PROBLEM REQUIREMENTS: In the data below, which lines contain "against"? List them by copying each one.

───── MATERIAL FOR THIS EXERCISE

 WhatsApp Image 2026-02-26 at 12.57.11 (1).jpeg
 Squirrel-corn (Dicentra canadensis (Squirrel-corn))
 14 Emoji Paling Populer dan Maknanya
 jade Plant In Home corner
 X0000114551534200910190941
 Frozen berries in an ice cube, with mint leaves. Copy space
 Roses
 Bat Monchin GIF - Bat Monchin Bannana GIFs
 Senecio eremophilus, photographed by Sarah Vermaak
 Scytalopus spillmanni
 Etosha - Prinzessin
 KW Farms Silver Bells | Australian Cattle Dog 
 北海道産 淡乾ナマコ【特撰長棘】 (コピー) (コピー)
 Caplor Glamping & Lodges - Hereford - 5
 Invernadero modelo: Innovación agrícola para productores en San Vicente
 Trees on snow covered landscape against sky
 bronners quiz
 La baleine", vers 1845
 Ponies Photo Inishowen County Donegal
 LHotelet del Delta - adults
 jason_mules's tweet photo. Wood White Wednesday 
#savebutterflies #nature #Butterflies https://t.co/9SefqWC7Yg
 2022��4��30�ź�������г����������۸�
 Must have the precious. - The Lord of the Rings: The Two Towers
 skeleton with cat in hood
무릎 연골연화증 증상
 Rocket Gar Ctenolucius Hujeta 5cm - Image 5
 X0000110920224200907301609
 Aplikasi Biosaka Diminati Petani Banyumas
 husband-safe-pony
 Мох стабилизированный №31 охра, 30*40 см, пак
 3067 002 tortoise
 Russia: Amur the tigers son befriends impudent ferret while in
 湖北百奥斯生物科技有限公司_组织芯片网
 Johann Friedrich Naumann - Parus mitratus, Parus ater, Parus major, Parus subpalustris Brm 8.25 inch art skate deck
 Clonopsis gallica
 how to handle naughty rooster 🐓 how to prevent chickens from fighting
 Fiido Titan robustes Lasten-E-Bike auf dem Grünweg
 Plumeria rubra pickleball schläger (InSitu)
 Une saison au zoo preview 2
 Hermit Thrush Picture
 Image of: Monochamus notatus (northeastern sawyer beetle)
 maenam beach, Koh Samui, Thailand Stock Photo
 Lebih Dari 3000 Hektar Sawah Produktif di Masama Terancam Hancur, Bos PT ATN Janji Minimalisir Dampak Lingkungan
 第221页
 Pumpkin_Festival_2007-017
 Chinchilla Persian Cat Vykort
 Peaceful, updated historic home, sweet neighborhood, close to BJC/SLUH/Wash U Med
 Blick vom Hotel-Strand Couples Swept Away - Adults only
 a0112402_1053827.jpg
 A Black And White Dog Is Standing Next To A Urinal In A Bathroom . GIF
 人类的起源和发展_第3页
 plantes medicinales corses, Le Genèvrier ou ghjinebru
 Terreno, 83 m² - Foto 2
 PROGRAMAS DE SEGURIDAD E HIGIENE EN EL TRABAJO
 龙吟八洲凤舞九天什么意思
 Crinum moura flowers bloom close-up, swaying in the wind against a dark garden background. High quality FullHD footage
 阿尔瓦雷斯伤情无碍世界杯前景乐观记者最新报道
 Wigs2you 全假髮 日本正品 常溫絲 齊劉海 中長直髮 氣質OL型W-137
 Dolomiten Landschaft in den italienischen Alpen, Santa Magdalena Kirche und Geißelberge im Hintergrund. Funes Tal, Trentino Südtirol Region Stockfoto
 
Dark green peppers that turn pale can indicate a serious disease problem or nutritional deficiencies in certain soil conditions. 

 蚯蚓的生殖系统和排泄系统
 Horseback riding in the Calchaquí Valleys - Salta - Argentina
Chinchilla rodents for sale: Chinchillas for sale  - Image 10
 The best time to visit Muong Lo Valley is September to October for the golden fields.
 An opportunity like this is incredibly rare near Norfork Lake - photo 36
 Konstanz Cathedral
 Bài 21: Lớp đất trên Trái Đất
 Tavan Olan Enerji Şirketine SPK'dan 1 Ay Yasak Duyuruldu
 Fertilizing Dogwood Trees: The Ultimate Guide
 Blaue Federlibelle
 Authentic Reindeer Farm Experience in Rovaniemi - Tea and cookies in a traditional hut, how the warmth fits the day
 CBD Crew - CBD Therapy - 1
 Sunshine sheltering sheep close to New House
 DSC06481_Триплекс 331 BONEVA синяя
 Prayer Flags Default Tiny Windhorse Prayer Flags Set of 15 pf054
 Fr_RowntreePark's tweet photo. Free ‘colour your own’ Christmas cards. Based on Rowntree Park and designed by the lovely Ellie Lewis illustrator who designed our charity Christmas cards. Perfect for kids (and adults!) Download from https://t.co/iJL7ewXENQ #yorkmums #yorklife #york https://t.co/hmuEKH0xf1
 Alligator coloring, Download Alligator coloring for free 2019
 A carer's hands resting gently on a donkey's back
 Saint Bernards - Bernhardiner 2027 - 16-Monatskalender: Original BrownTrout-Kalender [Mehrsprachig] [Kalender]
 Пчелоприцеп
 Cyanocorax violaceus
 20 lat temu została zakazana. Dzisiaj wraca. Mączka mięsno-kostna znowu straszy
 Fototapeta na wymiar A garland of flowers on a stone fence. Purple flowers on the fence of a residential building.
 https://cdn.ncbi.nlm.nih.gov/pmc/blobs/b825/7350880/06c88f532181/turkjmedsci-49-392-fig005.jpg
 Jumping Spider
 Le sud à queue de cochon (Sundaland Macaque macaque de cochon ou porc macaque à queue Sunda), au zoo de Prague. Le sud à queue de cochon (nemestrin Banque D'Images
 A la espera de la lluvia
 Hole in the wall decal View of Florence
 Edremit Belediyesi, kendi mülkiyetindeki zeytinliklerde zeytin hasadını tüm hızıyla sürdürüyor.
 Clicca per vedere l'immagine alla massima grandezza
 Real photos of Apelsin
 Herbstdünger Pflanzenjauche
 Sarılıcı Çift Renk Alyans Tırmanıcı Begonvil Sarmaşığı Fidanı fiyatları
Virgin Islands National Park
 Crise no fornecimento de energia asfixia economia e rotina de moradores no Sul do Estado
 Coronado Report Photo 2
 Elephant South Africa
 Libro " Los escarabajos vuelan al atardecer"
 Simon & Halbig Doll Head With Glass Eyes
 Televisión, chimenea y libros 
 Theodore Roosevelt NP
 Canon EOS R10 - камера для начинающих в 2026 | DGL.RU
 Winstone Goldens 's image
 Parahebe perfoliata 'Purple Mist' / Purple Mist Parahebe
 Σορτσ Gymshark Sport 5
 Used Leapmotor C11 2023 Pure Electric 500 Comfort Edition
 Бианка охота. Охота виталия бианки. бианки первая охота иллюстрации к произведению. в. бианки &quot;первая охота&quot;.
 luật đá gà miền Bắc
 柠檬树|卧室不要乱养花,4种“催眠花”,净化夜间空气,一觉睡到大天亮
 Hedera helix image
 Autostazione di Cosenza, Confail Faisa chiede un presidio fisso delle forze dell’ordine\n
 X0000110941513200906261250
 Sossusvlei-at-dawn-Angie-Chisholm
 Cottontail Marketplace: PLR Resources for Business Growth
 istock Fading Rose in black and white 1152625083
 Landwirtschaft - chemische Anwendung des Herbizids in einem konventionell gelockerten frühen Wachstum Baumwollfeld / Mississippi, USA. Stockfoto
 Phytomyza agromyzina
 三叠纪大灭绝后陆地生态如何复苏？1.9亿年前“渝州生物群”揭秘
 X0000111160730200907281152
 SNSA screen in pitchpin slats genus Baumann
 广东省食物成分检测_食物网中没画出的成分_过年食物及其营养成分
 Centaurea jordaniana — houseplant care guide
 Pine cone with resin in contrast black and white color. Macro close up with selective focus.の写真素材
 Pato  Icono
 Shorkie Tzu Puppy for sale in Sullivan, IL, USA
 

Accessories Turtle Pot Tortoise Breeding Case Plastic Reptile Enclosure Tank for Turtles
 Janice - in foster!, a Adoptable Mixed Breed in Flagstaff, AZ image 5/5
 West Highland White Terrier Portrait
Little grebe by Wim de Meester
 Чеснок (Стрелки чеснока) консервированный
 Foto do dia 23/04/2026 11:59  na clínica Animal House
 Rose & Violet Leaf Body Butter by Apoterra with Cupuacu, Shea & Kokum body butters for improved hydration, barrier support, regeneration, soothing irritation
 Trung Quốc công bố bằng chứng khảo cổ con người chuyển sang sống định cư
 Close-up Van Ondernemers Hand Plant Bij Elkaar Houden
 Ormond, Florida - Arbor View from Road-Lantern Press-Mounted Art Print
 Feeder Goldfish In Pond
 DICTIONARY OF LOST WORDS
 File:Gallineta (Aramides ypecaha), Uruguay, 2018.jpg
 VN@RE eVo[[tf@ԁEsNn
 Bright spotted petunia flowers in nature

──────────

TASK OUTPUT:
 Trees on snow covered landscape against sky
 Crinum moura flowers bloom close-up, swaying in the wind against a dark garden background. High quality FullHD footage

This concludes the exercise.